━━ Exercise input ━━

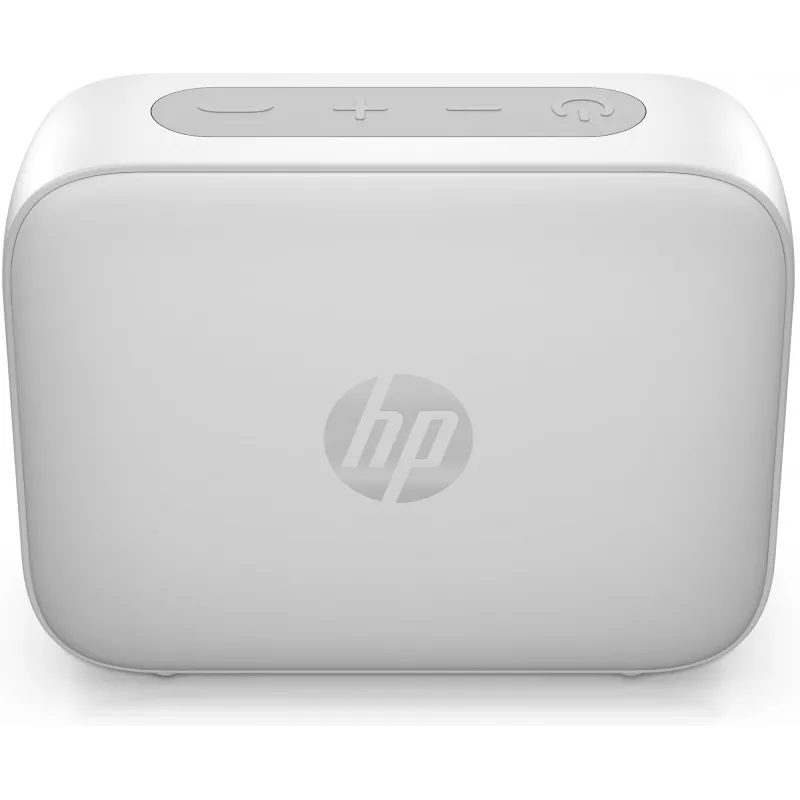 Altifalante Bluetooth HP 350 prateado, sem fios, branco, universal, bateria incorporada, 180 g, 78,5 mm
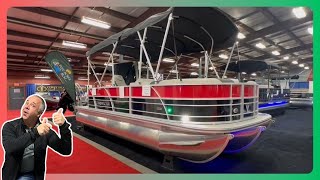 Halifax Boat Show Deal  2023 Trifecta 22 C LE Tritoon [upl. by Debi146]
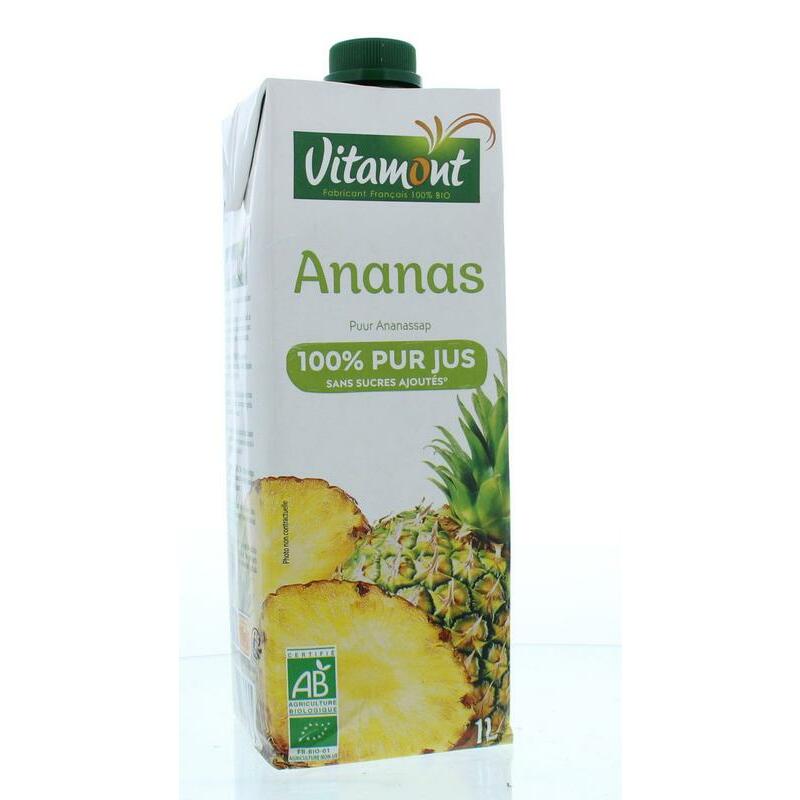 Vitamont Ananassap pak bio 1000ml
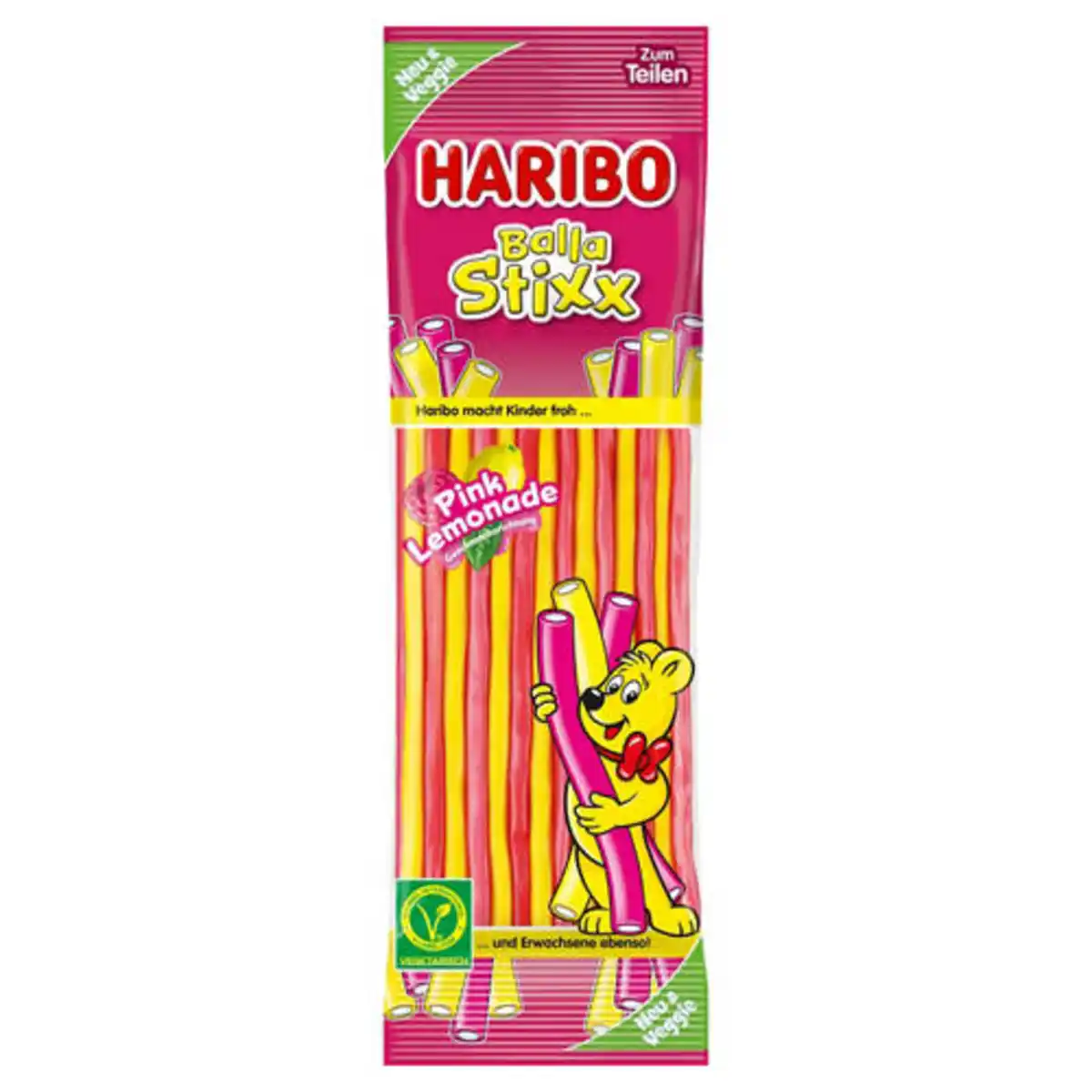 Bild 1 von Haribo MC Balla Stixx 175, Pink Lemonade
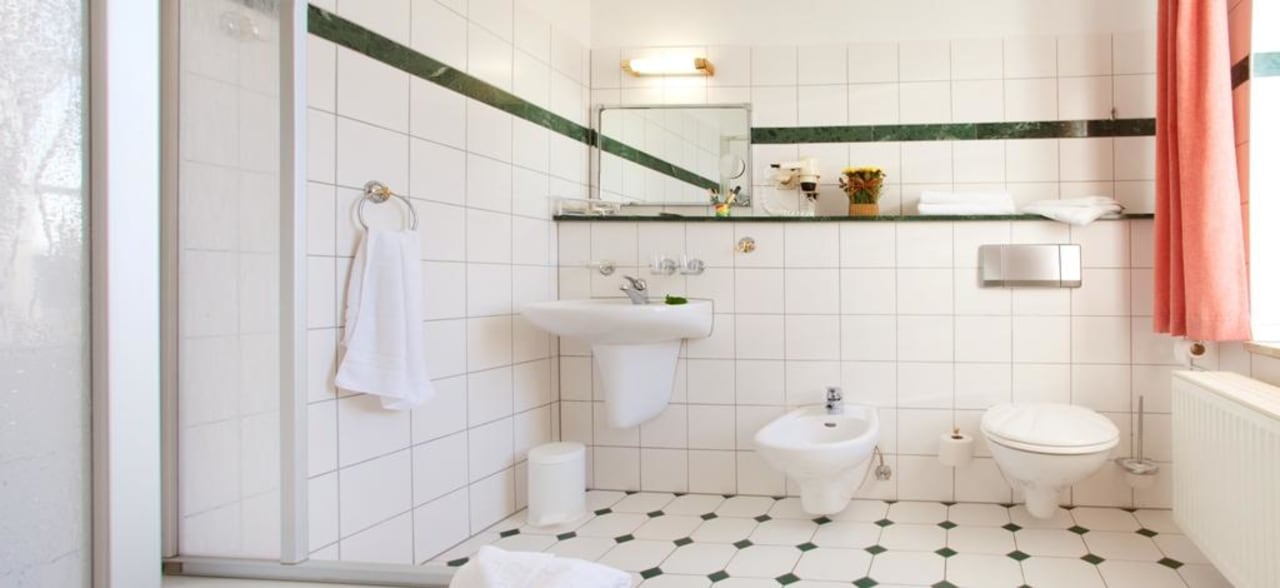 Bad mit Dusche Hotel Stranddistel Rügen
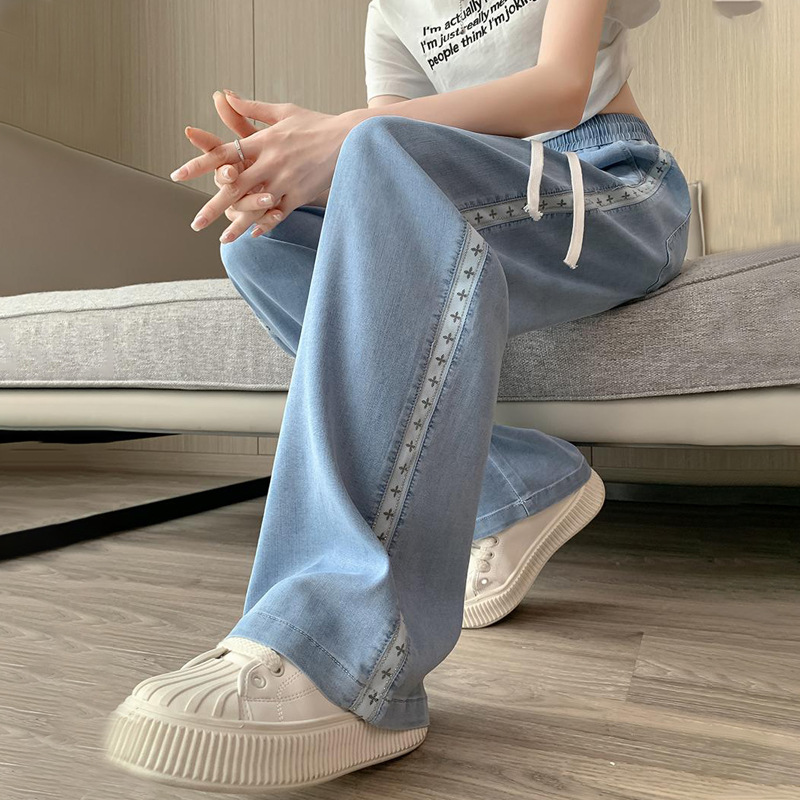 天丝牛仔裤子女大童夏季薄款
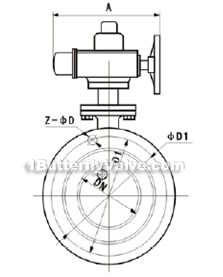 D942X electric soft-sealed flange butterfly valve constructral diagram(pic2)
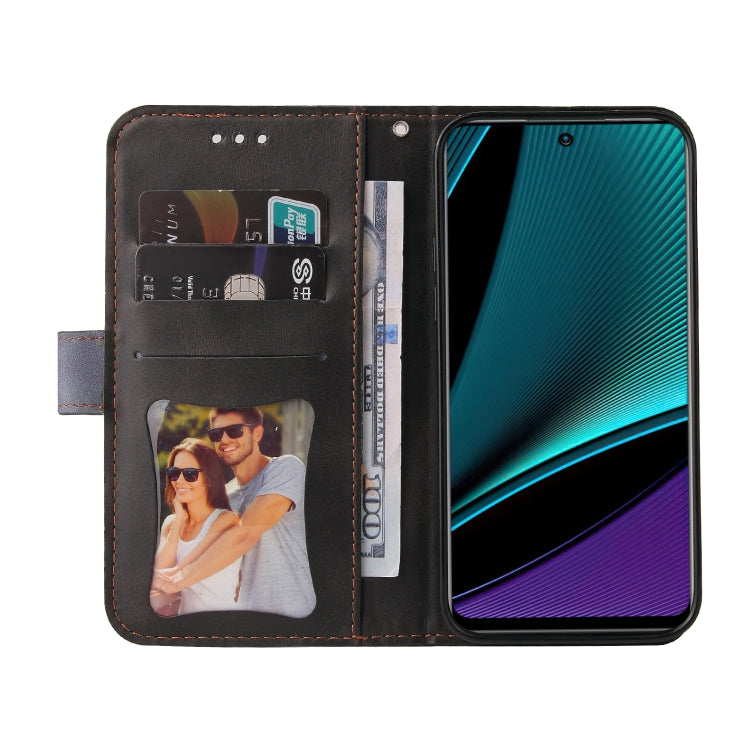 For Infinix Note 11 Pro Stitching-Color Horizontal Flip Leather Case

━━━

- _Task item_:
Retype precisely, and only, the lines from the one holding "Halifax Boat Show" through the final line of the data above, with the pictures omitted.

- _Your response_:
 Halifax Boat Show Deal  2023 Trifecta 22 C LE Tritoon [upl. by Debi146]
 Vitamont Ananassap pak bio 1000ml
 Bild 1 von Haribo MC Balla Stixx 175, Pink Lemonade
 Bad mit Dusche Hotel Stranddistel Rügen
 天丝牛仔裤子女大童夏季薄款
 D942X electric soft-sealed flange butterfly valve constructral diagram(pic2)
 For Infinix Note 11 Pro Stitching-Color Horizontal Flip Leather Case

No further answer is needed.